Dut yemiş bülbüle dönmek
[D] Sıkıntı ve üzüntüden konuşamaz hâle gelmek. Çok konuştuğu hâlde aniden susmak.
Duvarı nem, insanı gam yıkar
[A] Duvar nemden etkilenir, çabuk yıkılır. İnsan da gamdan çok etkilenir. İş gücü düşer, çalışamaz hâle gelir. (Demir nemden, insan gamdan çürür.)
Düğün el ile, harman yel ile
[A] Bir işde başarı kazanılmak isteniyorsa, o işi yapmak için yardımcılar ne ise, onları bulup; işe öyle başlamalıdır ki sonuç iyi ve güzel olsun.
Düğün dernek hep bir örnek
[D] Yapılan her çeşit merasim, toplantı birbirine benziyor. Ayrım yok.
Düğüne gider zurna beğenmez, hamama gider kurna beğenmez
[D] Her şeyde bir kusur arar. En iyi işlerde bile kusur bulur.
Dümen kırmak
[D] Bulunduğu yönü değiştirmek.
Dümen suyundan gitmek
[D] Bir kişinin yaptığını yapmak, onun gibi davranmak, onun istediği şeyleri yapmak.
Dün cin olmuş bugün adam çarpıyor
[D] Yapacağı işi öğrenmeden, o işin hileli yönlerini uygulamaya çalışıyor.
Dünya âlem
[D] Bütün insanlar. Herkes.
Dünya başına dar olmak
[D] Büyük bir sıkıntı içinde olmak. Büyük bir sıkıntı ile karşılaşıp, yenilgiye uğrayıp, çaresizlik içinde kalmak. Karamsar, kötümser olmak.
Dünya başına zindan olmak
[D] Çok üzülmek. Çaresiz kalmak, sıkılmak.
Dünya evine girmek
[D] Evlenmek.
Dünya, gözüne görünmemek
[D] Umutsuzluk ve karamsarlık içinde olmak.
Dünya gözüne zindan olmak
[D] Büyük bir ümitsizlik, karamsarlık içinde olmak.
Dünya kelâmı etmemek
[D] Hiç konuşmamak, susmak.
Dünya malı dünyada kalır
[A] Kişi yaşarken bu dünyada çok da zengin olsa öldüğü zaman öteki dünyaya bir şey götüremez. Nesi var nesi yoksa bu dünyada kalır. Bunun içindir ki insan yaşarken malının fazlasını iyi kullanmalı iyiliklerde bulunmalı, düşkünlere yardım etmelidir. Bu işler için gereken harcamayı rahatça yapabilmelidir. Böyle hareket ederse öldüğü zaman dünya malı ile kazandığı sevapları ahirete götürmüş olur. Ardından da güzel bir nam, isim bırakır.
Dünya ölümlü, gün aşımlı
[A] İnsanın hayatında hiçbir şey sürekli değildir. Gençler ihtiyarlar. Zenginler fakirleşir. Makam sahipleri değişir. Bu olaylardan ders alıp davranışlarımızı iyilik yönünde değiştirmeliyiz.

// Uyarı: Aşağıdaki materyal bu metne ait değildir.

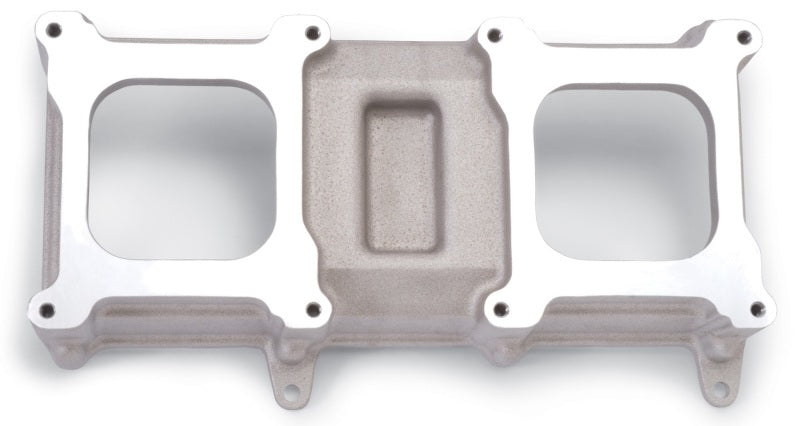 Edelbrock Manifold Top Only Vr 660 7073 Photo - Primary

Dünya yıkılmış o altında kalmış
[D] Dünyanın bütün problemlerini, sıkıntılarını kendine dert ve sıkıntı edindiği için hiç yüzü gülmez, dertli ve üzüntülü.
Dünya yıkılsa umurunda değil
[D] Sorumluluk duygusu yok. Tasasız.
Dünyanın kaç bucak olduğunu anlamak
[D] Yaşamın sıkıntılarını, dalaverelerini, yaşadığı sürece kişinin başına neler geleceğini anlamak.